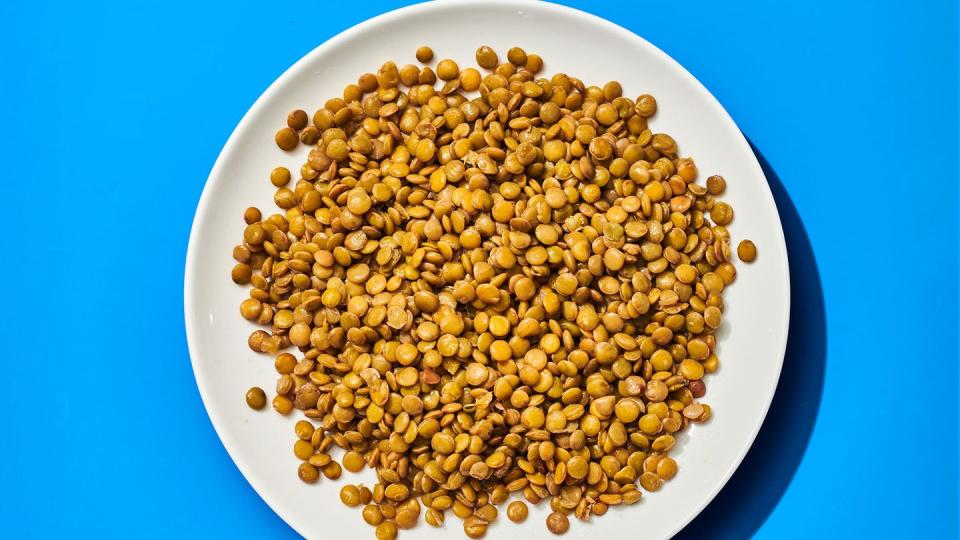a bowl of lentils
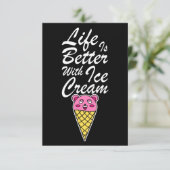 Het leven is beter met ijscrème bedankkaart (Staand voorkant)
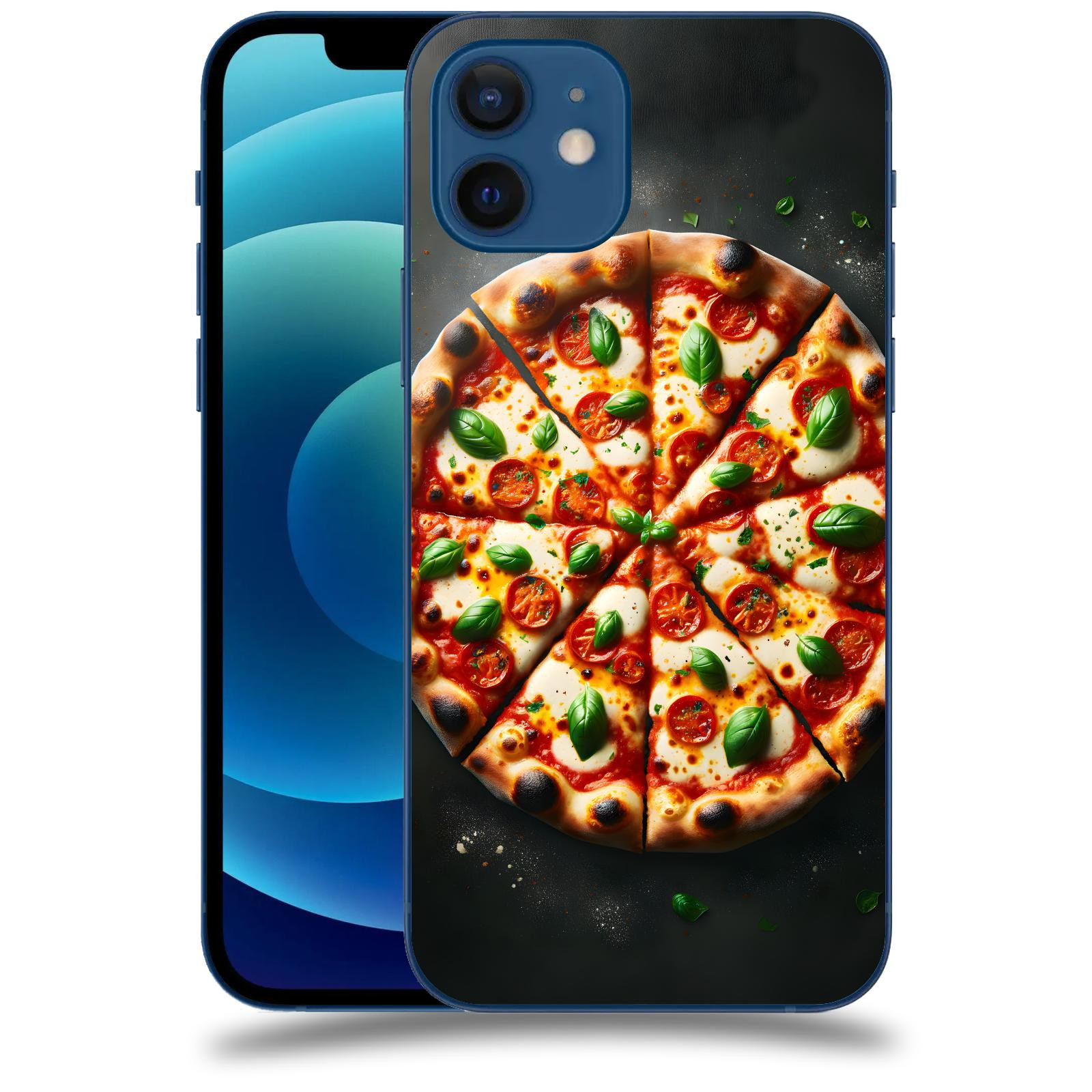 ACOVER Kryt na mobil Apple iPhone 12 - Pizza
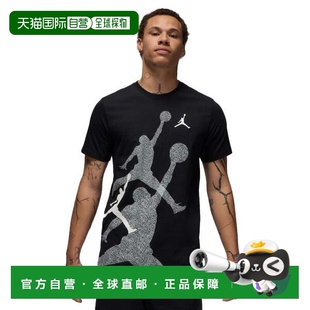 010 日本直邮JORDAN FN6026 T恤 黑色 篮球半袖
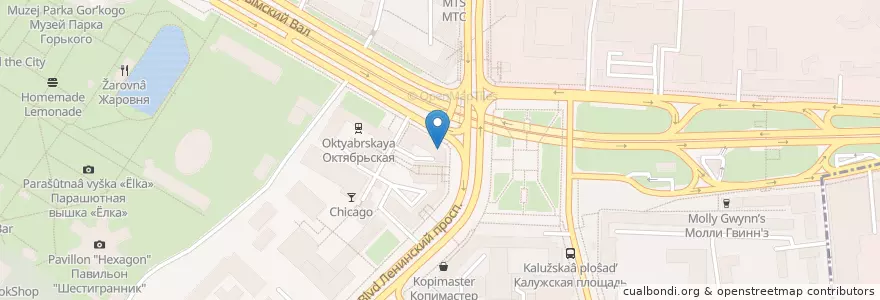 Mapa de ubicacion de Фа-соль-ка en Rússia, Distrito Federal Central, Москва, Центральный Административный Округ, Район Якиманка.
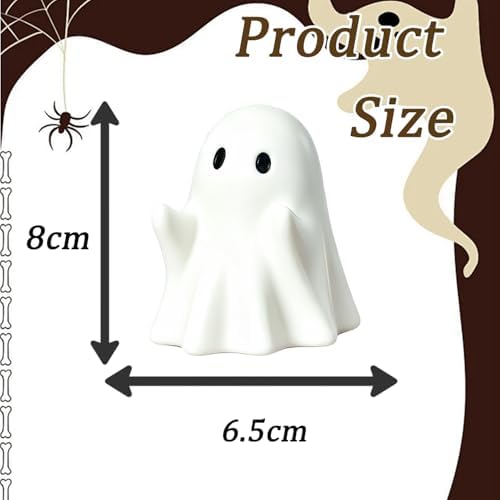 Halloween Ghost Figurine Funny Pen Holder Ghost Statue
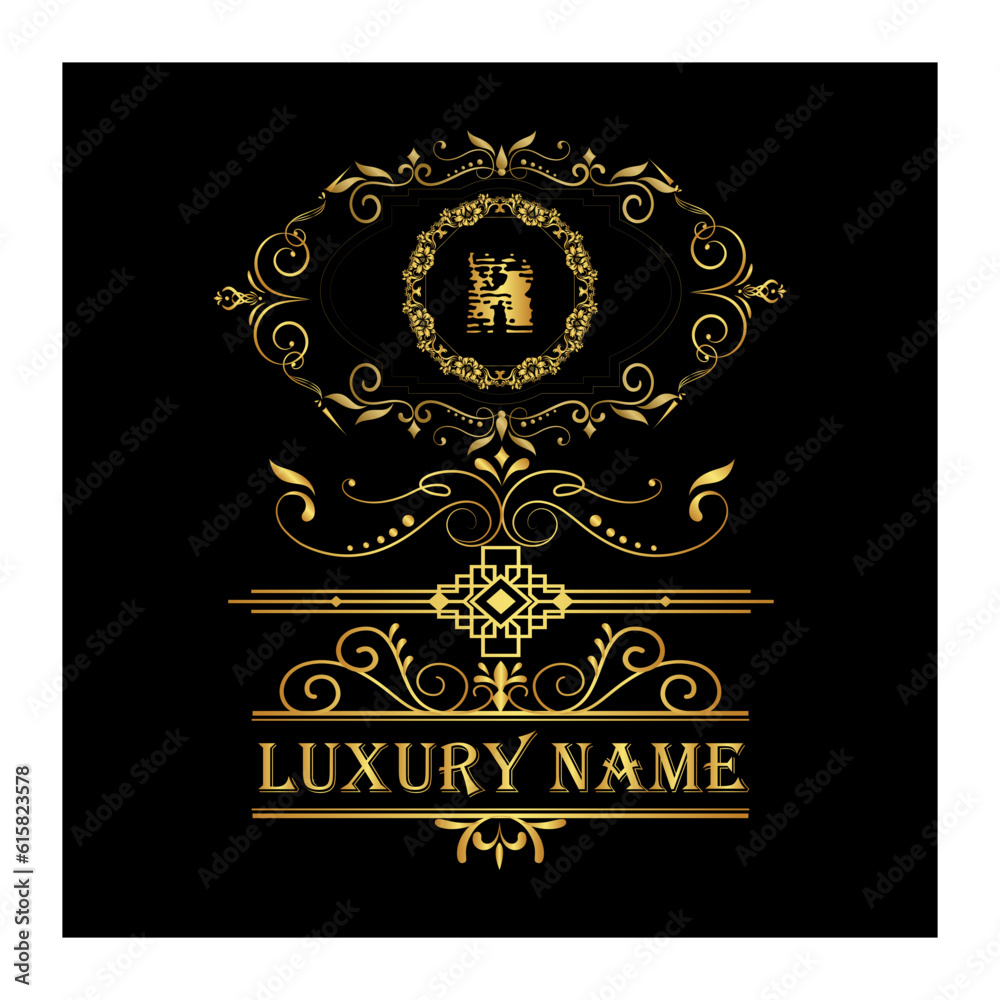 Initial letter luxury beauty flourishes ornament monogram logo Swoosh Letter Logo Design for business and company identity. Water Wave Logo with modern trendy Initial letter luxury beauty flourishes ornament monogram logo Swoosh Letter Logo Design for business and company identity. Water Wave Logo with modern trendy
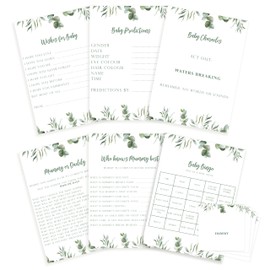 Manta Makes Baby Shower Games, Baby Games for boy or Girl Party Pack of 6 Games, Baby-Shower Games, Baby Shower Game (6 Game Set for 20 Players - 120 Cards Pack)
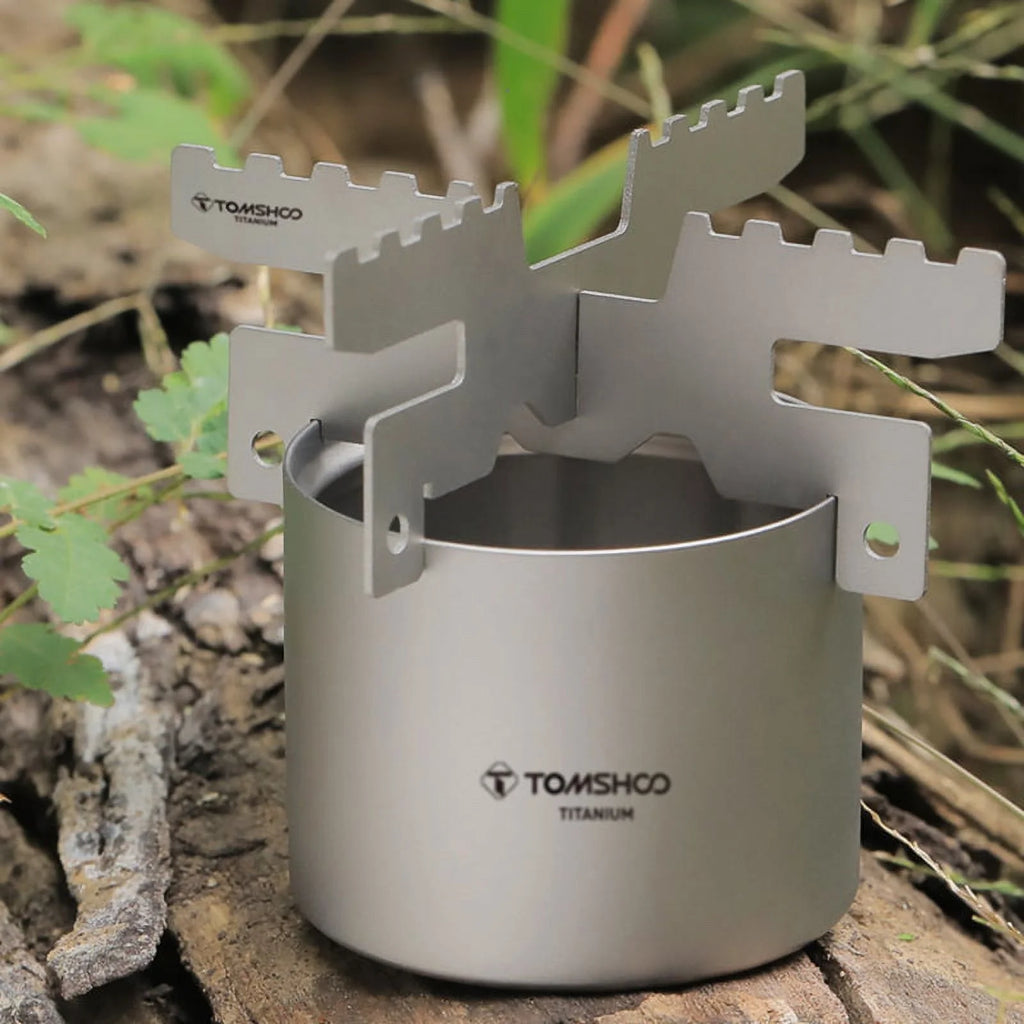 Lightweight Alcohol Stove with Cross Stand Rack U758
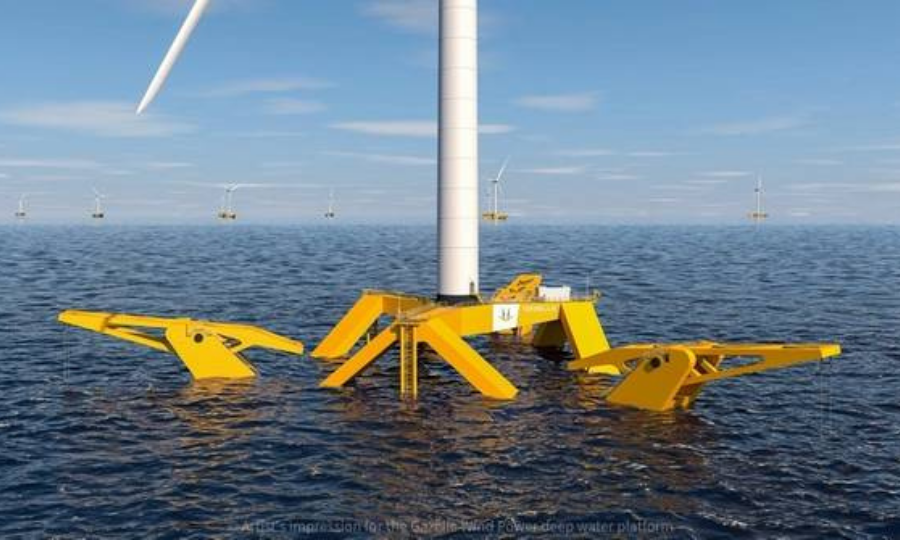 Gazelle Wind Power reçoit €1,5 millions pour Nau Azul, la plate forme éolienne flottante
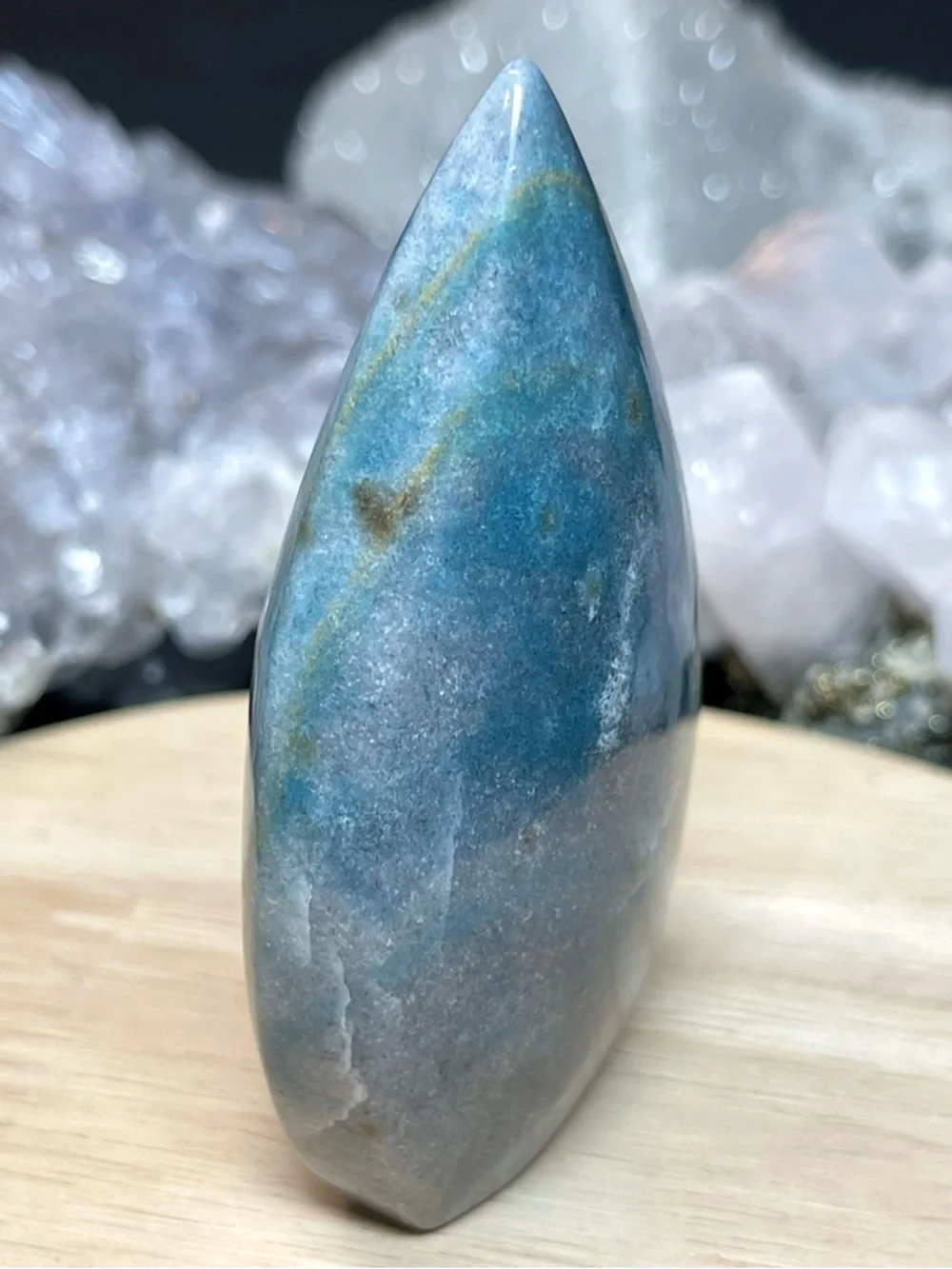 🌑Trolleite Polished Crystal Flame Decoration🌑 - Picture 4 of 4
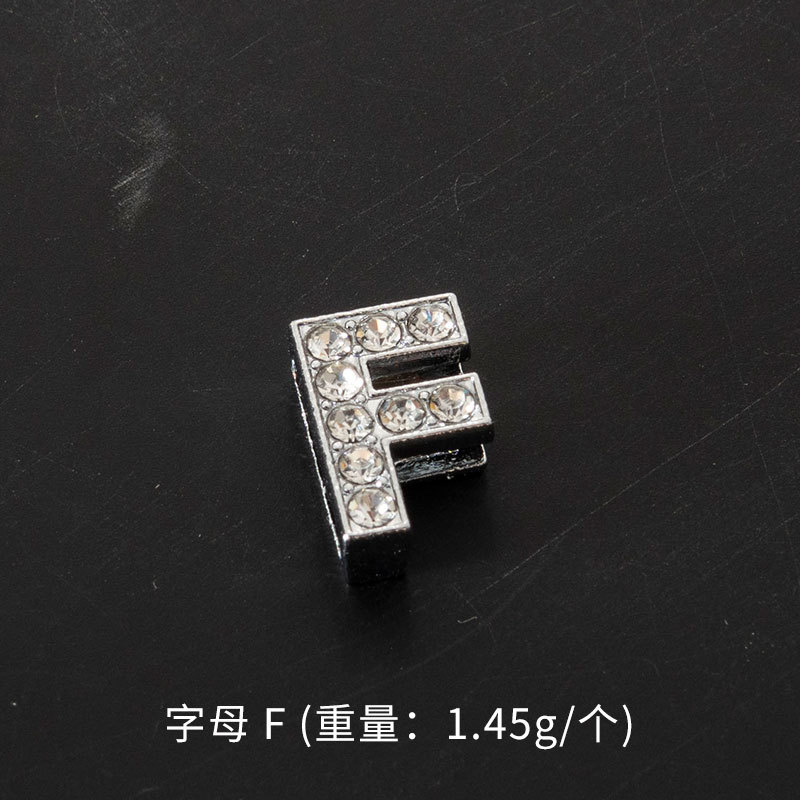 英語のアルファベットの数字の合金のネックレスのペンダントはダイヤモンドのブレスレットのペンダントのアイデアのアクセサリーの手作りのDIY材料を入れます。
--*--
* [ACTION ITEM]:
The copy must match the listing above exactly, except that it holds no pictures.

* [WRITTEN RESPONSE]:
a bowl of lentils
 Het leven is beter met ijscrème bedankkaart (Staand voorkant)
 ACOVER Kryt na mobil Apple iPhone 12 - Pizza
 010 日本直邮JORDAN FN6026 T恤 黑色 篮球半袖
 Mapa de ubicacion de Фа-соль-ка en Rússia, Distrito Federal Central, Москва, Центральный Административный Округ, Район Якиманка.
 Halloween Ghost Figurine Funny Pen Holder Ghost Statue
 Initial letter luxury beauty flourishes ornament monogram logo Swoosh Letter Logo Design for business and company identity. Water Wave Logo with modern trendy Initial letter luxury beauty flourishes ornament monogram logo Swoosh Letter Logo Design for business and company identity. Water Wave Logo with modern trendy
 Manta Makes Baby Shower Games, Baby Games for boy or Girl Party Pack of 6 Games, Baby-Shower Games, Baby Shower Game (6 Game Set for 20 Players - 120 Cards Pack)
 Lightweight Alcohol Stove with Cross Stand Rack U758
 Gazelle Wind Power reçoit €1,5 millions pour Nau Azul, la plate forme éolienne flottante
 🌑Trolleite Polished Crystal Flame Decoration🌑 - Picture 4 of 4
 英語のアルファベットの数字の合金のネックレスのペンダントはダイヤモンドのブレスレットのペンダントのアイデアのアクセサリーの手作りのDIY材料を入れます。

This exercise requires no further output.